Short web captions
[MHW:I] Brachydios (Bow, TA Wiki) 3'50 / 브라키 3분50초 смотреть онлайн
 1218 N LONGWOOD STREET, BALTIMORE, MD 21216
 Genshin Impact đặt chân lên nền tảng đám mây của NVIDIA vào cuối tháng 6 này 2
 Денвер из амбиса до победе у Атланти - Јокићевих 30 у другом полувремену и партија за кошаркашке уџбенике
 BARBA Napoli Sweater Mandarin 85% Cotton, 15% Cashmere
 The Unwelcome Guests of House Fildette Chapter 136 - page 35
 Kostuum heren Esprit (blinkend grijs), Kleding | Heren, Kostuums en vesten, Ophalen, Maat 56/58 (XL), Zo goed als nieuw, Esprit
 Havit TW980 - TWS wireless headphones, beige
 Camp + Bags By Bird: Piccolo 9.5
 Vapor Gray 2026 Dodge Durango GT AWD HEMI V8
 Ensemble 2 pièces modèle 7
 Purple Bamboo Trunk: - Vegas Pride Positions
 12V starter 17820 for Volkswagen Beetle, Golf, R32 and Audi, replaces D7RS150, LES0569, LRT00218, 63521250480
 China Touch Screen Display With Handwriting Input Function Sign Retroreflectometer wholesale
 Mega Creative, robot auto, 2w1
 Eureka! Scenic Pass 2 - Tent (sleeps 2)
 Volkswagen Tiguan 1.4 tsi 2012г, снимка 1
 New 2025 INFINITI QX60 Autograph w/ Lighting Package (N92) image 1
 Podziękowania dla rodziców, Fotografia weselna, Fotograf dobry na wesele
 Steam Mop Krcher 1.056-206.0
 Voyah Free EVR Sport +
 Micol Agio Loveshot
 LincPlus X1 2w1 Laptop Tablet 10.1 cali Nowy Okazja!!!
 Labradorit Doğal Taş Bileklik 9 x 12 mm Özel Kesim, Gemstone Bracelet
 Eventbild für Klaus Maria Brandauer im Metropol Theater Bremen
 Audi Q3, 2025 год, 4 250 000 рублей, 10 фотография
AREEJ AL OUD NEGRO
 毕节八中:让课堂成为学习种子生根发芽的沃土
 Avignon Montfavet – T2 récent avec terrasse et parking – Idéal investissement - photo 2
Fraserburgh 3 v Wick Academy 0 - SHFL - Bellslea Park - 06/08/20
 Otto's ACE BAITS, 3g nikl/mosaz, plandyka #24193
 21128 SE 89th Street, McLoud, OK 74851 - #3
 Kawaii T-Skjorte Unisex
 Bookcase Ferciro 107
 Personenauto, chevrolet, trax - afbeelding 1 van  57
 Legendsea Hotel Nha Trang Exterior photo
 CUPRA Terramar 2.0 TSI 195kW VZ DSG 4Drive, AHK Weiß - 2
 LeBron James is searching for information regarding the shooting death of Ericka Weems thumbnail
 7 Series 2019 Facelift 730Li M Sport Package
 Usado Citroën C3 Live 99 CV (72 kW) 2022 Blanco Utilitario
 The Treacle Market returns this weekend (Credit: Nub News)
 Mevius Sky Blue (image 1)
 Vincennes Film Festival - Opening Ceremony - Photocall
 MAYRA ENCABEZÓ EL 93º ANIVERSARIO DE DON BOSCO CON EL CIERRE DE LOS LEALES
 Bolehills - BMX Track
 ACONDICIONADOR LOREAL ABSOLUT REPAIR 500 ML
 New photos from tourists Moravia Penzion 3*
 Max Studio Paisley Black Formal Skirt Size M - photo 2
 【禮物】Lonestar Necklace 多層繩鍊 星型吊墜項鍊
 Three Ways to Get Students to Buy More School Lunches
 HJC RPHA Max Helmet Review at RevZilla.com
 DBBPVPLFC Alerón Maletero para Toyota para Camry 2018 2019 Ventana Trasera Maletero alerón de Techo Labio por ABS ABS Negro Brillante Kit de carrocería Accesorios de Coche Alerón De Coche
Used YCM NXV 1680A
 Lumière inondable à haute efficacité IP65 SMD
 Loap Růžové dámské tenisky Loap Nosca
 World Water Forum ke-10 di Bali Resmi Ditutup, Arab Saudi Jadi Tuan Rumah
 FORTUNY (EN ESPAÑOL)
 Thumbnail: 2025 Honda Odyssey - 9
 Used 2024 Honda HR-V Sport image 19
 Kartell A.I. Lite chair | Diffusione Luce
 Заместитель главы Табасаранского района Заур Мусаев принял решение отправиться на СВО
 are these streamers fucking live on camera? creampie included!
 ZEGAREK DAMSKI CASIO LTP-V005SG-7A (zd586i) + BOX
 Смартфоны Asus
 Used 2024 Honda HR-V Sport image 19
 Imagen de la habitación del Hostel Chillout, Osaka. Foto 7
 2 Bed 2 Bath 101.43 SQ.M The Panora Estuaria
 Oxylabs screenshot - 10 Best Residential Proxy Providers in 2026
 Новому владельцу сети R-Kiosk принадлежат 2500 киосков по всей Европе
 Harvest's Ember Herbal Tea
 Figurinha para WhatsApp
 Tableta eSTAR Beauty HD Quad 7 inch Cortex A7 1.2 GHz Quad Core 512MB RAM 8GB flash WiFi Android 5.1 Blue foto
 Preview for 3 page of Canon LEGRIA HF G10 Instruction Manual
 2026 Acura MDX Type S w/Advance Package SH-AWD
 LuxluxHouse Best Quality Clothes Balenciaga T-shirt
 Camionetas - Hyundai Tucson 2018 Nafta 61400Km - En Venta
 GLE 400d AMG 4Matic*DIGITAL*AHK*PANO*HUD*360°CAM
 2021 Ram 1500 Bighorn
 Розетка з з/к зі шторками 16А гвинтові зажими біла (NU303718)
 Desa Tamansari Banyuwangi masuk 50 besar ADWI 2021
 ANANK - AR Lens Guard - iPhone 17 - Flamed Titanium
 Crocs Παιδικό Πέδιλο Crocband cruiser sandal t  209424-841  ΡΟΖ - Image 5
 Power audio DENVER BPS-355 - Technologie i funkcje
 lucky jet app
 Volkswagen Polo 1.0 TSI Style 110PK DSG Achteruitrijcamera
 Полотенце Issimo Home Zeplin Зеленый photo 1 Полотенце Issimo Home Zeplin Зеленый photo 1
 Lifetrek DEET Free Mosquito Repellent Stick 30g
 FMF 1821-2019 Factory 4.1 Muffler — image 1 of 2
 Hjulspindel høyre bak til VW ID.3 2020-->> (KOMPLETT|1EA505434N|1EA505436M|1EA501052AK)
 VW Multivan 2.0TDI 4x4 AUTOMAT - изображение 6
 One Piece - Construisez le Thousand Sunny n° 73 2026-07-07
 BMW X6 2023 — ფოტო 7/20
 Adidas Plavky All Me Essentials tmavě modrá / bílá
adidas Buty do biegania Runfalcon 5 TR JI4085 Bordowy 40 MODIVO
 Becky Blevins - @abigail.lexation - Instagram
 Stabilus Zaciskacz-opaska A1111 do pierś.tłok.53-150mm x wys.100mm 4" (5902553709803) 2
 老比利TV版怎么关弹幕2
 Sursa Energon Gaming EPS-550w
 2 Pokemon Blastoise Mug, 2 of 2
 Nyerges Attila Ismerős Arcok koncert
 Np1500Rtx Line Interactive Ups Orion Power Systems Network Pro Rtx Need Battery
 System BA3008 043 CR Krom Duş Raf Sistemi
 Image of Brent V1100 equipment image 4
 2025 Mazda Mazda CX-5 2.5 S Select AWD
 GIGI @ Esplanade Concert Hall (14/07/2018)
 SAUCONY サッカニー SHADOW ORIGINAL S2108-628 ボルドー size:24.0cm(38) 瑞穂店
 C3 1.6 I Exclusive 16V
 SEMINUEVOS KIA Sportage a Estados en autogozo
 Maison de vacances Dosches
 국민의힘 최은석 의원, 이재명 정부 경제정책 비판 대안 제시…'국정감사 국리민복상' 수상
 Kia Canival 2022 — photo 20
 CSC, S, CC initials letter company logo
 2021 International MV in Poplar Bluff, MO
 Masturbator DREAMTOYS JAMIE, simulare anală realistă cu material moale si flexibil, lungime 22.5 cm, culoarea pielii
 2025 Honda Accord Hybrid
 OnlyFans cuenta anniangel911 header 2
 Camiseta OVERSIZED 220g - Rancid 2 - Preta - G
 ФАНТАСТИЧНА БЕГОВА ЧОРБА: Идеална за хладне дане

### Task directions:
Above this instruction are the records; retype exactly the lines from the one containing "GLE 400d AMG" up to and including the one containing "Camiseta OVERSIZED 220g".

### Finished task:
 GLE 400d AMG 4Matic*DIGITAL*AHK*PANO*HUD*360°CAM
 2021 Ram 1500 Bighorn
 Розетка з з/к зі шторками 16А гвинтові зажими біла (NU303718)
 Desa Tamansari Banyuwangi masuk 50 besar ADWI 2021
 ANANK - AR Lens Guard - iPhone 17 - Flamed Titanium
 Crocs Παιδικό Πέδιλο Crocband cruiser sandal t  209424-841  ΡΟΖ - Image 5
 Power audio DENVER BPS-355 - Technologie i funkcje
 lucky jet app
 Volkswagen Polo 1.0 TSI Style 110PK DSG Achteruitrijcamera
 Полотенце Issimo Home Zeplin Зеленый photo 1 Полотенце Issimo Home Zeplin Зеленый photo 1
 Lifetrek DEET Free Mosquito Repellent Stick 30g
 FMF 1821-2019 Factory 4.1 Muffler — image 1 of 2
 Hjulspindel høyre bak til VW ID.3 2020-->> (KOMPLETT|1EA505434N|1EA505436M|1EA501052AK)
 VW Multivan 2.0TDI 4x4 AUTOMAT - изображение 6
 One Piece - Construisez le Thousand Sunny n° 73 2026-07-07
 BMW X6 2023 — ფოტო 7/20
 Adidas Plavky All Me Essentials tmavě modrá / bílá
adidas Buty do biegania Runfalcon 5 TR JI4085 Bordowy 40 MODIVO
 Becky Blevins - @abigail.lexation - Instagram
 Stabilus Zaciskacz-opaska A1111 do pierś.tłok.53-150mm x wys.100mm 4" (5902553709803) 2
 老比利TV版怎么关弹幕2
 Sursa Energon Gaming EPS-550w
 2 Pokemon Blastoise Mug, 2 of 2
 Nyerges Attila Ismerős Arcok koncert
 Np1500Rtx Line Interactive Ups Orion Power Systems Network Pro Rtx Need Battery
 System BA3008 043 CR Krom Duş Raf Sistemi
 Image of Brent V1100 equipment image 4
 2025 Mazda Mazda CX-5 2.5 S Select AWD
 GIGI @ Esplanade Concert Hall (14/07/2018)
 SAUCONY サッカニー SHADOW ORIGINAL S2108-628 ボルドー size:24.0cm(38) 瑞穂店
 C3 1.6 I Exclusive 16V
 SEMINUEVOS KIA Sportage a Estados en autogozo
 Maison de vacances Dosches
 국민의힘 최은석 의원, 이재명 정부 경제정책 비판 대안 제시…'국정감사 국리민복상' 수상
 Kia Canival 2022 — photo 20
 CSC, S, CC initials letter company logo
 2021 International MV in Poplar Bluff, MO
 Masturbator DREAMTOYS JAMIE, simulare anală realistă cu material moale si flexibil, lungime 22.5 cm, culoarea pielii
 2025 Honda Accord Hybrid
 OnlyFans cuenta anniangel911 header 2
 Camiseta OVERSIZED 220g - Rancid 2 - Preta - G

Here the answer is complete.